Fractal Meat cuts cassette and digital
Rebecca Lee’s Bredbeddle creates glacial plunderphonics for the no-audience underground. In her absurdist soundscapes, hypnotic locked grooves – fragments of laughing audiences, wheezing string quartets, liturgical voices and other sonic debris – drive deep drone immersion. Imagine a narcoleptic DJ Shadow cutting soundtracks for a slow-motion apocalypse, or a low-power junkyard rave-up in the twilight of the world. But where conventional plunderphonic or turntablist wisdom would crash out a succession of fast-paced edits to build a surrealistic kaleidoscope of fragments, Lee is more sparing. She uses a smaller number of sampled sources, with her stuttering loops occasionally providing a faltering rhythmic chassis for wider explorations – simple flute improvisations, gleaming extended tones, muted electronic farts – or sometimes just left alone to clank along in their disjointed charm.

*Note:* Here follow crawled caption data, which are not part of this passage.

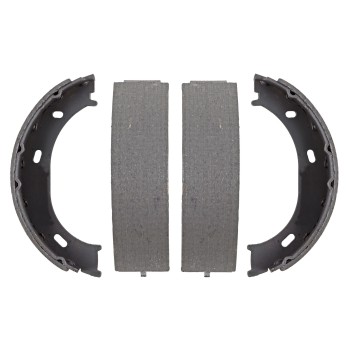 Parking Brake Shoe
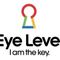 Eye Level MOI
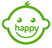 [로고] 해피타임즈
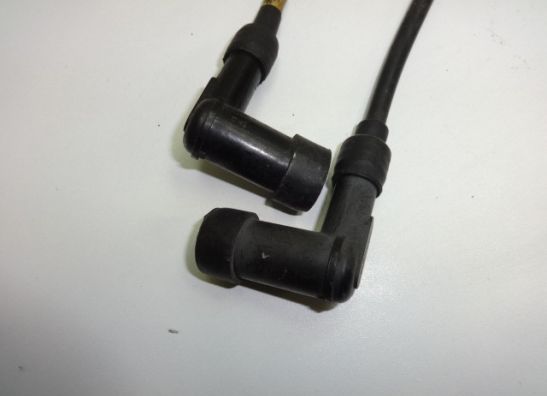 Bobine Kawasaki GPZ 750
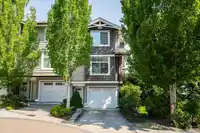 36 14356 63A AVENUE - thumbnail 1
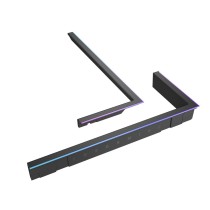 Boîte à outils Asus 90DA00H0-B09000
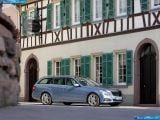 mercedes-benz_2010-e-class_estate_1600x1200_018.jpg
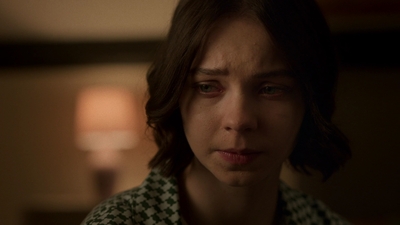 A_Good_Girls_Guide_to_Murder_S01E06_mkv5326.jpg
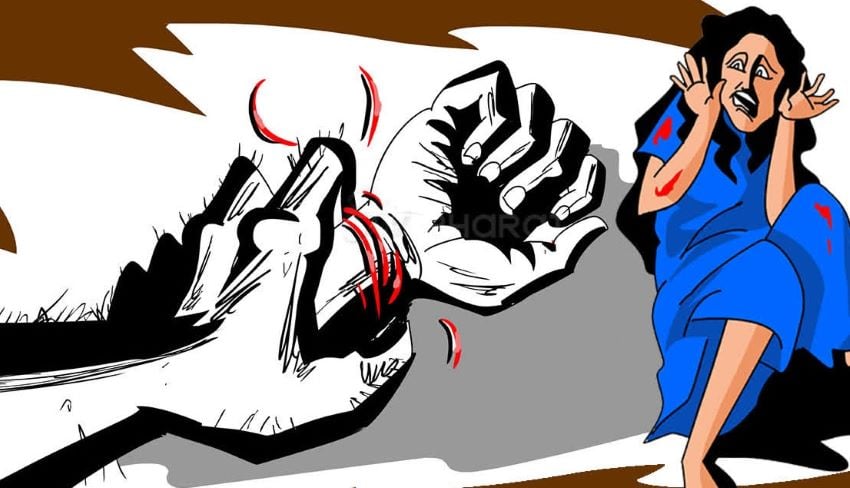 हरिद्वार में ड्यूटी पर तैनात महिला सिपाही से सरेआम छेड़छाड़? आरोपी होमगार्ड के खिलाफ मुकदमा दर्ज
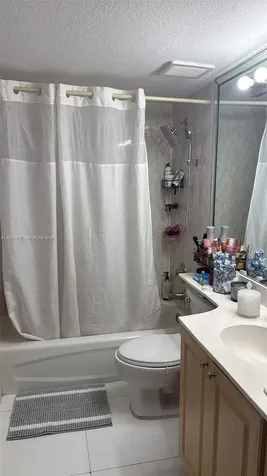 814 NW 36th Avenue Miami FL 33125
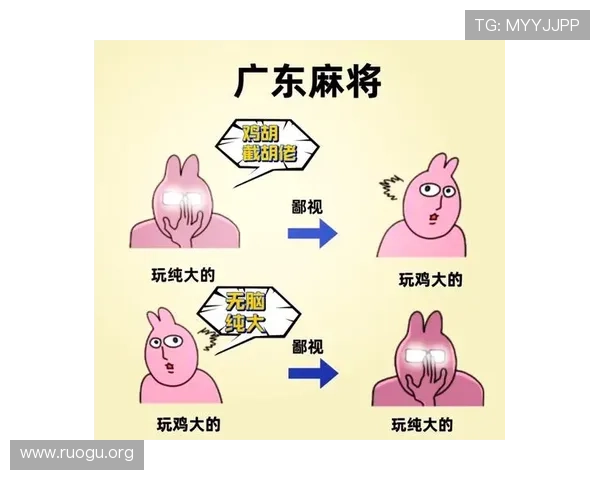 亚洲必赢麻将胡了怎么玩才能快速赢得比赛的实用指南 亚洲必赢麻将胡了怎么玩才能快速赢得比赛的实用指南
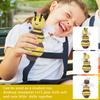 A Garden Plush Bee A Garden Plush Doll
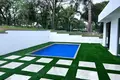 Haus 5 zimmer 168 m² Llagostera, Spanien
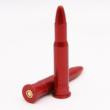 Carlsons Snap Caps .30-30 2 pk.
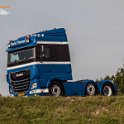 Nog harder Lopik powered by www.truck-pics.eu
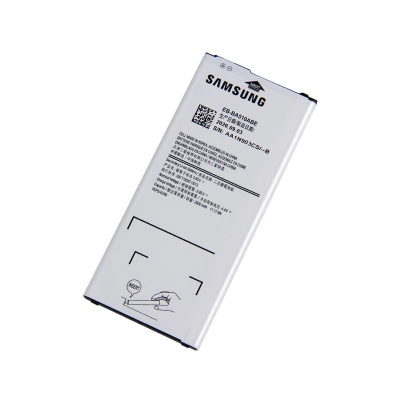 Thay pin Galaxy A05 giá rẻ tại Điện Thoại 99.com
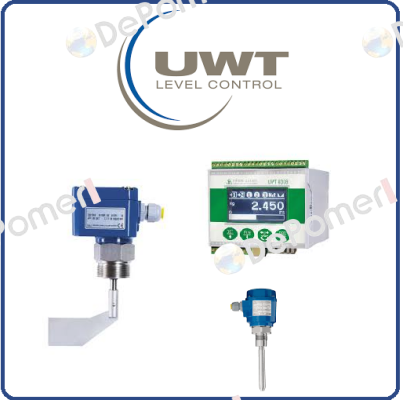 CW11EA1Z3A 100168902  Uwt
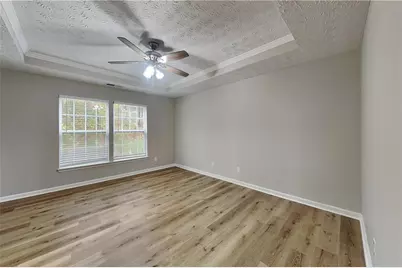 293 Topaz Drive, Dallas, GA 30132 - Photo 7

Lee deploys her samples almost cackhandedly, often so roughly edited to seem like she is physically wrenching her sounds from the records in brutal needle drops. Often, as on ‘Thumb’, these audio defacements are a key part of the mesmerizing appeal. With every repetition, the panoply of clicks and pops that mark her sample’s extraction reveal themselves to be as subtle as a carefully constructed percussion track, providing the perfect counterpoint to Lee’s mournful flute melodies. The earlier ‘Keep The Salt’ sees the same technique achieving a trippier effect, gradually transforming the piece from a Pythonesque slice of jolly musique concrete (imagine the Terry Gilliam animation accompanying those opening few minutes of chuckle and whine) into an endless rabbit hole that we’re slowly falling down.
The closing ‘Feely’ is even better. An off-centre drum loop stumbles underneath a lairy organ arpeggio, as an unsettling vocal sample replays what must be the least convincing attempt at laughter ever recorded. Fears that we’ve been locked in Arkham Asylum with a particularly vengeful crew of arch-villains are soon banished, however, as Lee goes to work on a Tanita Tikaram record, trashing the maximum chill-out with some perfunctory cutting and slicing that is less Jam Master Jay than cat-just-jumped-on-my-turntable. It is, nevertheless, perfectly in keeping with the track’s scruffy allure and , like the sudden emergence of the sun from behind the clouds in winter, provides a perfect moment of cosiness in a chilly setting. Warm your bones, it’s cold out here.